Hansel Cooperative Press, 2008   -  www.hanselcooperativepress.co.uk
[Handsel Cooperative Press, Bringagarth, Innertown , Stromness, Orkney KW16]

Stella Sutherland has been one of Shetland’s leading writers over the last half century and this beautiful small chapbook, edited by Christine De Luca and featuring twenty new and selected poems, is an excellent introduction to a poet I hadn’t come across before. She writes in English and in Shetlandic and there’s a nice mix of both here, plus a five page glossary to help with the vocabulary.

In the opening poem, ‘Any Poe’t, she declares that:

all delight is in the finding,
setting, sending words to chime

which is exactly what her poems do. The glossary explains that an “allover” is a kind of Fair Isle jumper and it’s hardly surprising that a poet from Shetland should write about knitting.

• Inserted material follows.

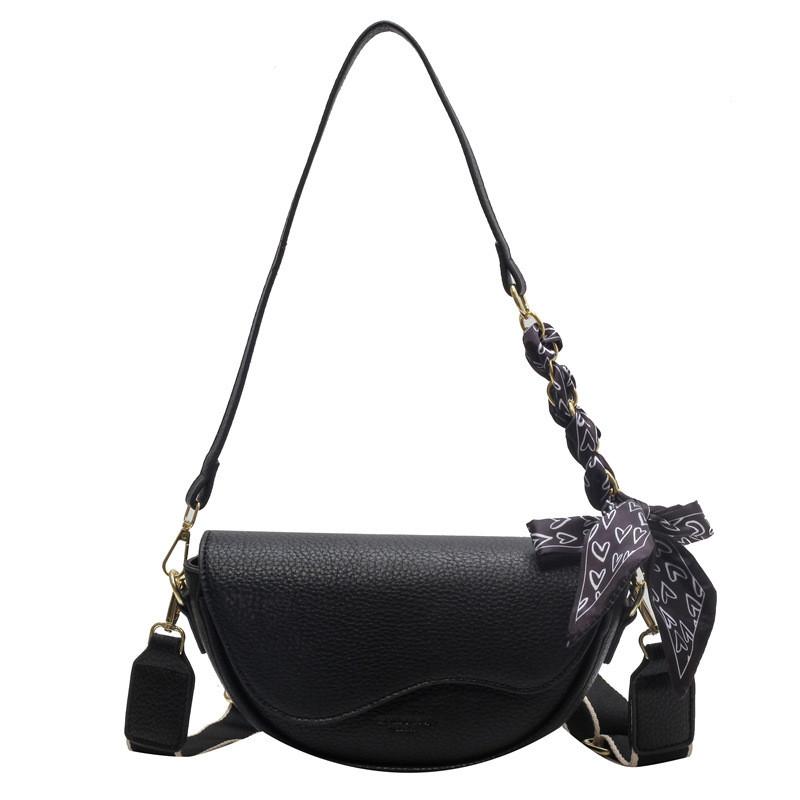 Ielgy Retro Texture Lychee Pattern Ladies Bag All-Match Saddle Bag Commuter Shoulder Mess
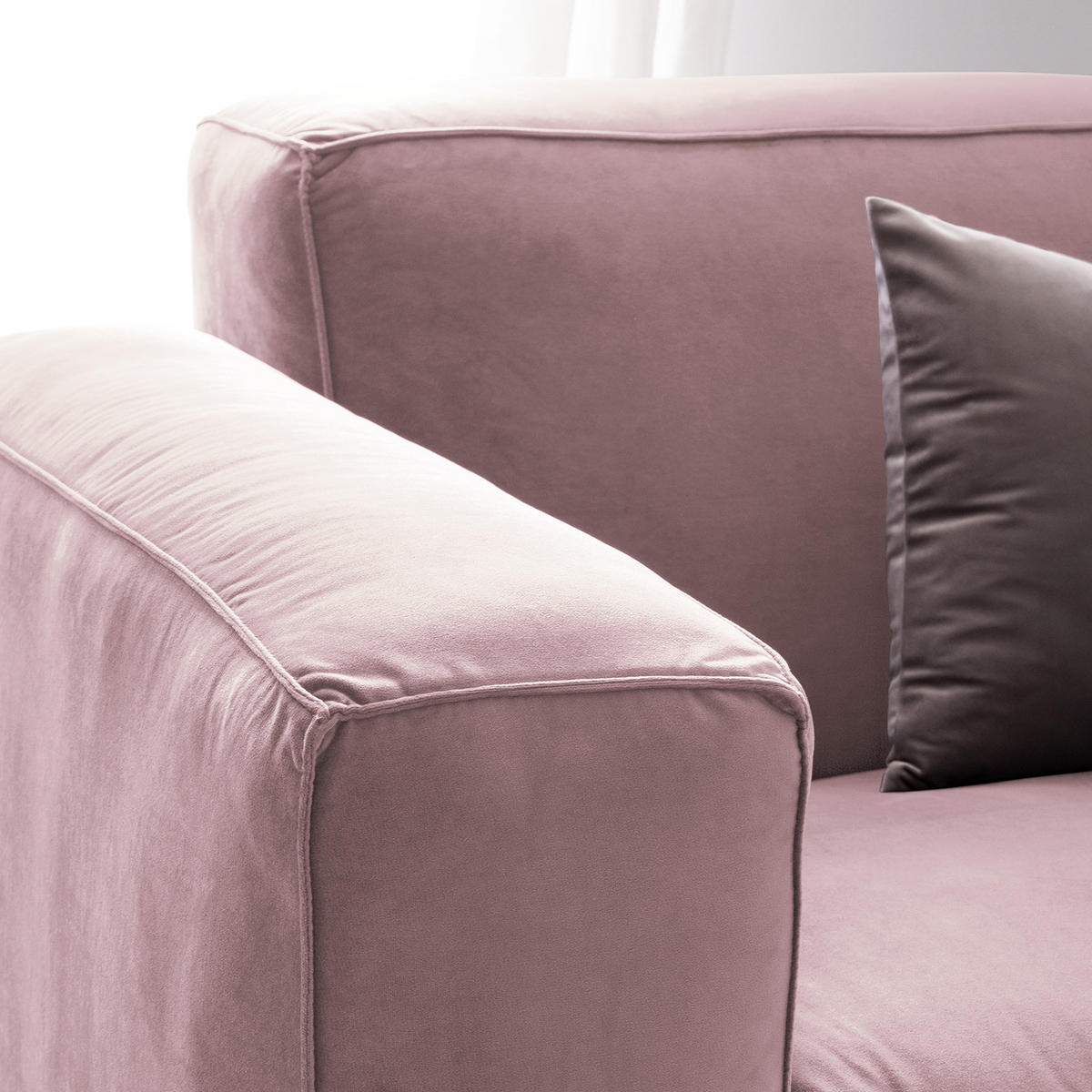 2-SITZER SOFA - Mauve, Textil (190/75/96cm) - home24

In ‘Da Allover’, Sutherland likens the process of producing Fair Isle patterns to that of writing poetry:

Your mind haes a joy o creation
laek writin a rhyme—hit’s nae lee—
whin your fingers an wires in relation
maks da colours an patterns agree.

Though a couple of the poems in English are more loosely structured, mainly Sutherland opts for traditional rhyming patterns. However, no two successive poems follow the same stanza structure so there’s plenty of variety to keep them fresh. And the subject matter also varies: nature, some nice seasonal poems, others reflections on people and life, wry comment as from someone with one eye still on their knitting needles. ‘The Question Is’ concludes:

But the hardest thought, the one you dread,
that throws black gloom on the day –
how to say what has to be said
that no-one else will say.

Eleanor Livingstone

What the Common Reader says about Stella Sutherland’s joy o creation:

This little pamphlet rested easily in my hand, and the paper of the cover and the paper within were textured and yet smooth. And yes—here was more string as centre binding (a thin red twine) but it was tied off neatly. I’m not sure it enhanced the look of the cover but it didn’t get in the way.

As I expected from the title, I enjoyed most the poems in English. Poems in the Shetland dialect were lost on me. There was a glossary but I wasn’t patient enough to flick back and forward to understand the poems. My favourite was ‘A Celebration’, a poem about the poet’s father which made me cry:

          And now, too late, I celebrate
          him and his cripple day:
          he never had a gift so glad
          as that he gave away.

As for the unsual format of pages opening out into double size in the middle of the book, I’ll leave it for someone cleverer than me to decide whether it does, or doesn’t work. It is definitely different!